**WHAT YOU HAVE TO DO:**
In the listing below, find the line with "111 Dancer Ln, Jeannette, PA 15644 - Photo 3" and copy every line from there up to and including the line with "Milagros Marcos durante", exactly and without pictures.

**STUDY MATERIAL:**
┌──
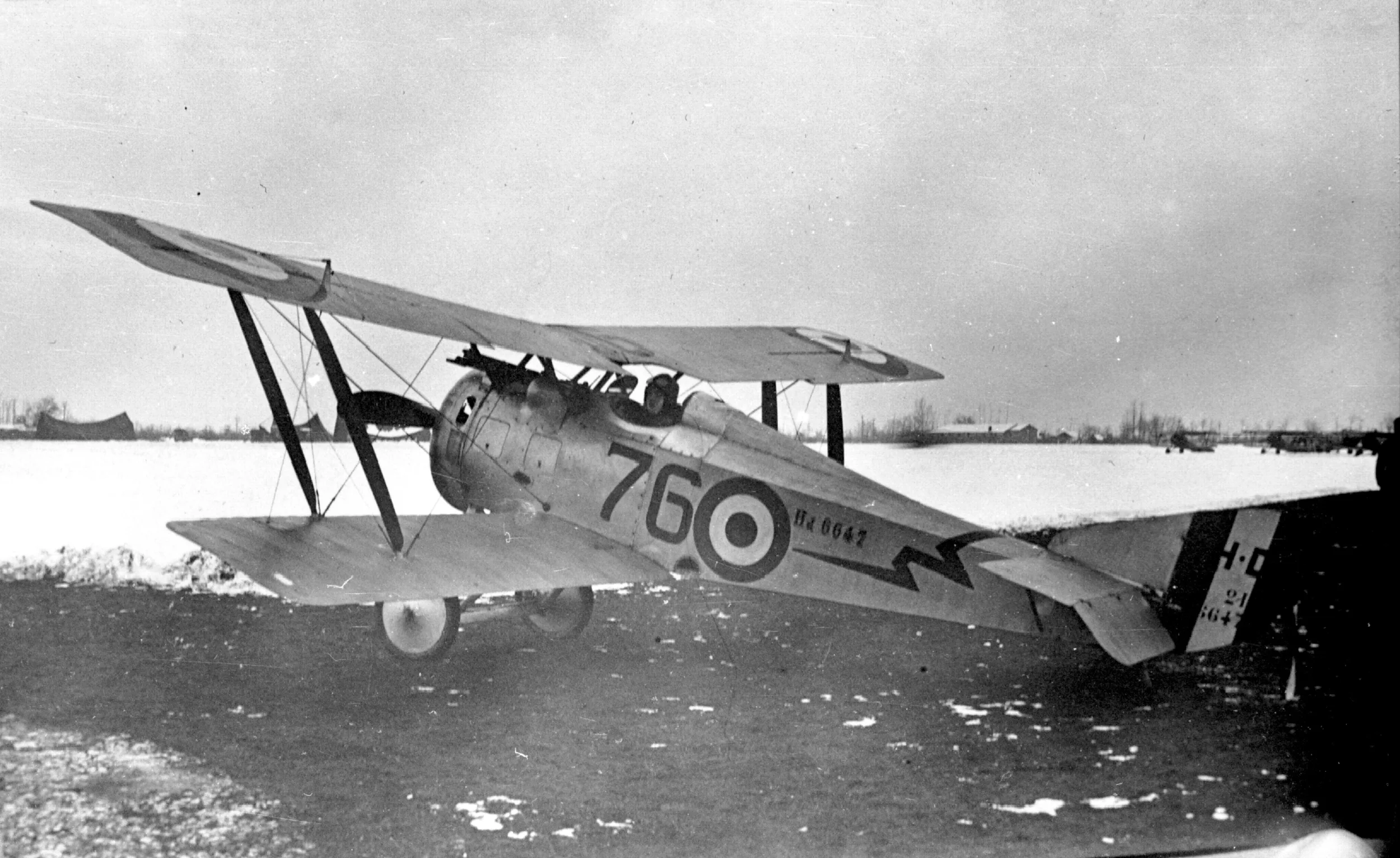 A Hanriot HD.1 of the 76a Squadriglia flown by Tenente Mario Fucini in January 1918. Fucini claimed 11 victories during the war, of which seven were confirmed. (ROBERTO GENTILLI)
└──
┌──
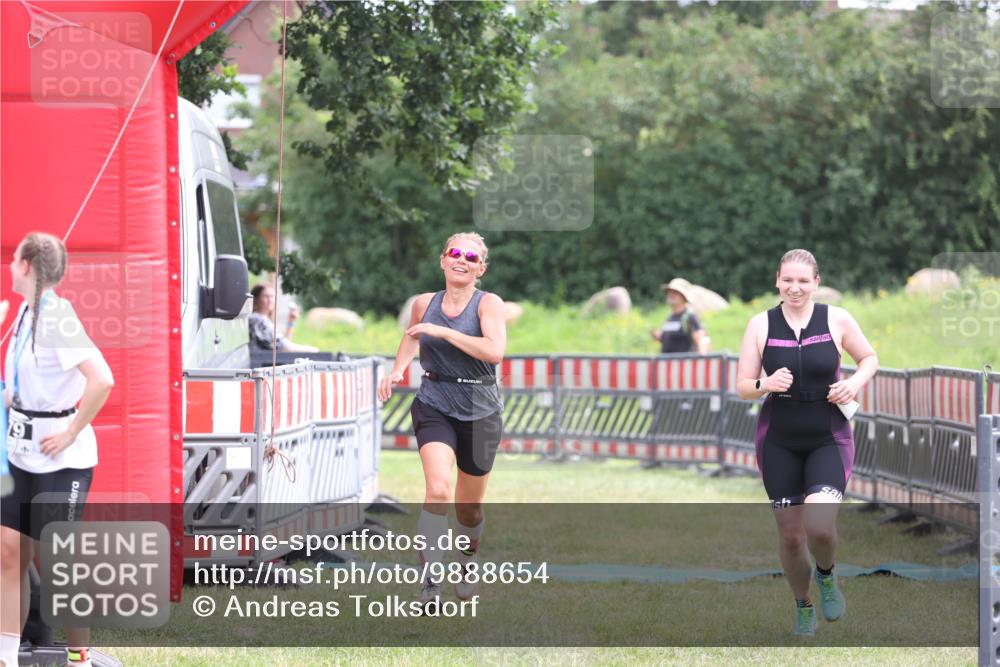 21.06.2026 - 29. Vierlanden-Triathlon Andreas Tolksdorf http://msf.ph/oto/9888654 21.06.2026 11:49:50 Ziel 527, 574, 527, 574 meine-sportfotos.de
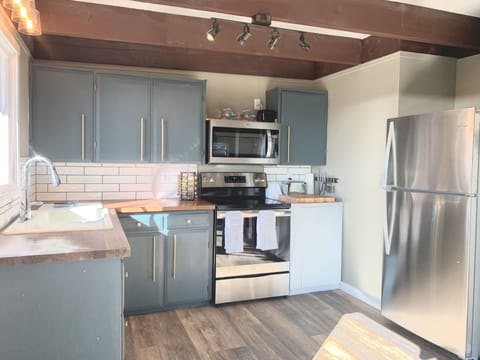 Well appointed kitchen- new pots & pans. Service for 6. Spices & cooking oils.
└──
┌──
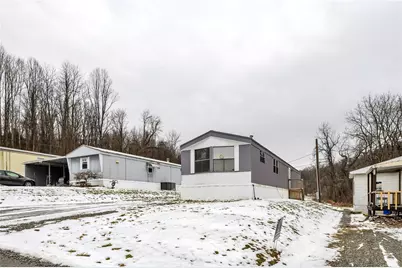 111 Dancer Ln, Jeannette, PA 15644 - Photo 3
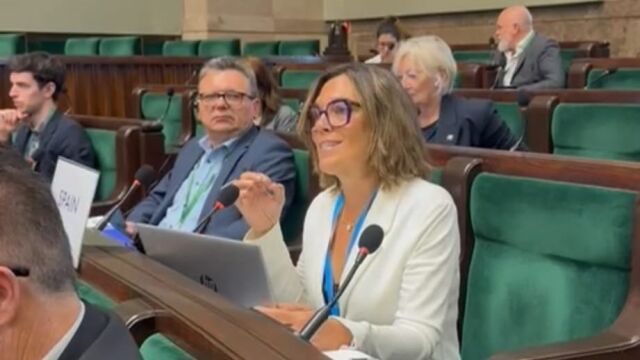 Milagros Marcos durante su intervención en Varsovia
└──
**SOLUTION TO THE EXERCISE:**
 111 Dancer Ln, Jeannette, PA 15644 - Photo 3
 Milagros Marcos durante su intervención en Varsovia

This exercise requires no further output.